The data START

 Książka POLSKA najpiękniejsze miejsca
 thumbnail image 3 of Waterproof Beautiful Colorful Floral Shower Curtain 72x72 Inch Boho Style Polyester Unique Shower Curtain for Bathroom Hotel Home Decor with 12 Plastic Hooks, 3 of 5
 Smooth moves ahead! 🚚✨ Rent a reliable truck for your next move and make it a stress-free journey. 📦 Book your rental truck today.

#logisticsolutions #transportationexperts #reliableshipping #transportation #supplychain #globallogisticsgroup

The data END
The data START

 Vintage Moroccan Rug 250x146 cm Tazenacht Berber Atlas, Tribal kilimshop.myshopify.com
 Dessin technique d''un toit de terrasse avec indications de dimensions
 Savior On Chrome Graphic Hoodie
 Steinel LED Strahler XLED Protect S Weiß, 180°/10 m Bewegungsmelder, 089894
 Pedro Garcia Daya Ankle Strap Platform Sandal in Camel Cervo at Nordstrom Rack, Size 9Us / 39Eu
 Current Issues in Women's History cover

The data END

» **Task instructions**: Looking at the data above, return every line from the one with "Książka POLSKA najpiękniejsze miejsca" down to the one with "#logisticsolutions #transportationexperts #reliableshipping", exactly and inclusively.

» **Task result**:
 Książka POLSKA najpiękniejsze miejsca
 thumbnail image 3 of Waterproof Beautiful Colorful Floral Shower Curtain 72x72 Inch Boho Style Polyester Unique Shower Curtain for Bathroom Hotel Home Decor with 12 Plastic Hooks, 3 of 5
 Smooth moves ahead! 🚚✨ Rent a reliable truck for your next move and make it a stress-free journey. 📦 Book your rental truck today.

#logisticsolutions #transportationexperts #reliableshipping #transportation #supplychain #globallogisticsgroup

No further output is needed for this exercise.